The words are sharp enough to draw blood, and Matthias feels his own temper starting to rise in response because that’s not fair, because he tried to reach her, because she’s the one who vanished.

“I called you,” Matthias says, and he can hear his accent getting stronger the way it always does when he’s emotional, the German inflection wrapping more heavily around his English. “Dozens of times. Your number didn’t work.”

“I gave you my real number,” Luna counters, and now there’s definitely anger in her voice, barely controlled fury that she’s trying to keep professional and failing. “The same number I’ve had for six years. The number that works perfectly fine for everyone else who’s ever wanted to reach me.”

“Then why—” Matthias starts, but Luna cuts him off.

“Is there anything else you need?” she asks again, her tone making it clear that this conversation is over whether he wants it to be or not. “Professionally?”

And Matthias knows he should let it go, knows he should maintain professional boundaries and deal with this personal situation later, privately, away from the office where anyone could walk by and overhear—but he’s spent four years with unanswered questions, and now the woman who holds all the answers is standing in front of him, and he can’t just let her walk away again.

“Luna, please—” he tries, and he hates how his voice comes out almost pleading, hates that he’s lost his usual control, but he needs her to understand that he didn’t ghost her, that whatever she thinks happened isn’t what actually happened.

“Mr. Wolfe,” she says firmly, emphasizing his title like a warning. “We should keep this professional. You’re my boss now. What happened four years ago is irrelevant to our working relationship.”

Irrelevant.

She’s calling that night—the best night of his life, the night he’s measured every other experience against for four years—irrelevant.

“It’s not irrelevant to me,” Matthias says quietly, and he sees something flicker across Luna’s face, something that might be regret or might be longing before she shuts it down, locks it away behind her professional mask.

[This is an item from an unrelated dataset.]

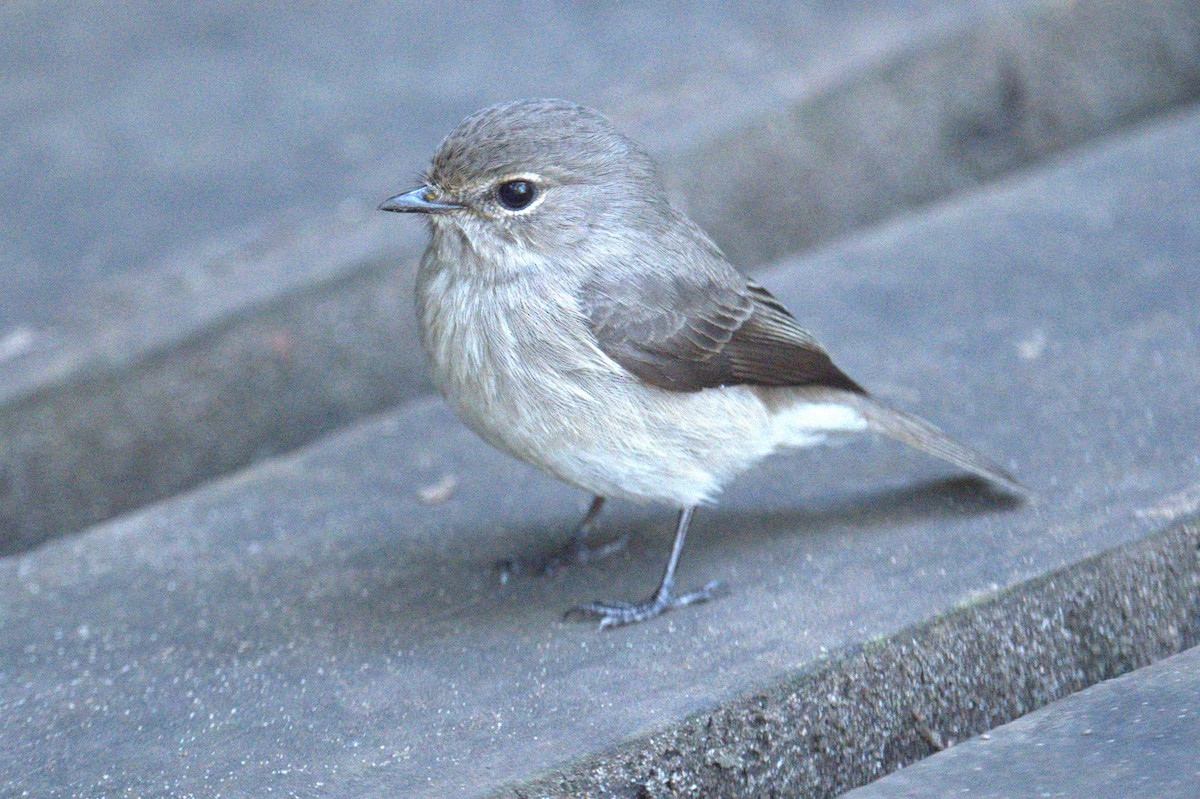 African Dusky Flycatcher - ML638761615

“Well, it is to me,” she lies, because Matthias can see the tension in her shoulders, can see the way her hands are gripping those folders like they’re the only thing keeping her grounded. “Now if you’ll excuse me, I have work to do.”

And then she’s gone, walking out of his office with her head high and her spine straight, leaving Matthias standing alone by his desk with more questions than he had before and the sinking certainty that whatever happened four years ago, whatever miscommunication or misunderstanding destroyed what they could’ve had—it’s not over.

It’s not over because Luna is here, working for him, unavoidable and undeniable and still affecting him the way no woman has before or since.

It’s not over because when their eyes met this morning, Matthias felt the same electric connection he felt four years ago, the same recognition, the same certainty that she matters in a way he can’t fully explain.

And it’s not over because Luna’s hostility, her anger, her determination to keep him at arm’s length—that’s not indifference.

That’s hurt.

Someone hurt her, and she thinks it was him, and Matthias needs to understand why, needs to figure out what went wrong so he can fix it, because walking away from Luna Vega a second time isn’t an option he’s willing to consider.

He just has to convince her to give him a chance to explain.

And based on the way she just stormed out of his office, that’s going to be significantly harder than acquiring her company was.